#### Information provided

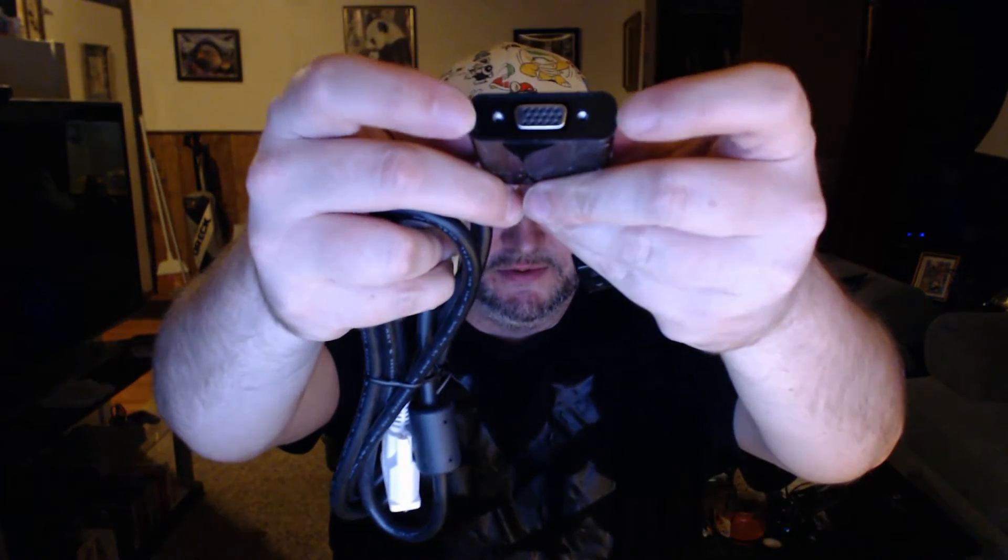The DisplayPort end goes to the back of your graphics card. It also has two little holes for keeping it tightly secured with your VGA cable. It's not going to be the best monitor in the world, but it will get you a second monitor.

########
#### Information provided

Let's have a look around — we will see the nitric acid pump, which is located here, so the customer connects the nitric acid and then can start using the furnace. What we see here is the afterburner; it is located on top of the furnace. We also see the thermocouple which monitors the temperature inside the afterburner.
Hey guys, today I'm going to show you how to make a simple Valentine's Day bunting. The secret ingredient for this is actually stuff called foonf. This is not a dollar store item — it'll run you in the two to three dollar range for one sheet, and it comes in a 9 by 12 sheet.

########

> _Exercise directions_
The expected answer is an exact copy of the lines above, beginning at the line with "Let's have a" and ending at the line with "Hey guys, today", with both ends in.

> _Task response_
Let's have a look around — we will see the nitric acid pump, which is located here, so the customer connects the nitric acid and then can start using the furnace. What we see here is the afterburner; it is located on top of the furnace. We also see the thermocouple which monitors the temperature inside the afterburner.
Hey guys, today I'm going to show you how to make a simple Valentine's Day bunting. The secret ingredient for this is actually stuff called foonf. This is not a dollar store item — it'll run you in the two to three dollar range for one sheet, and it comes in a 9 by 12 sheet.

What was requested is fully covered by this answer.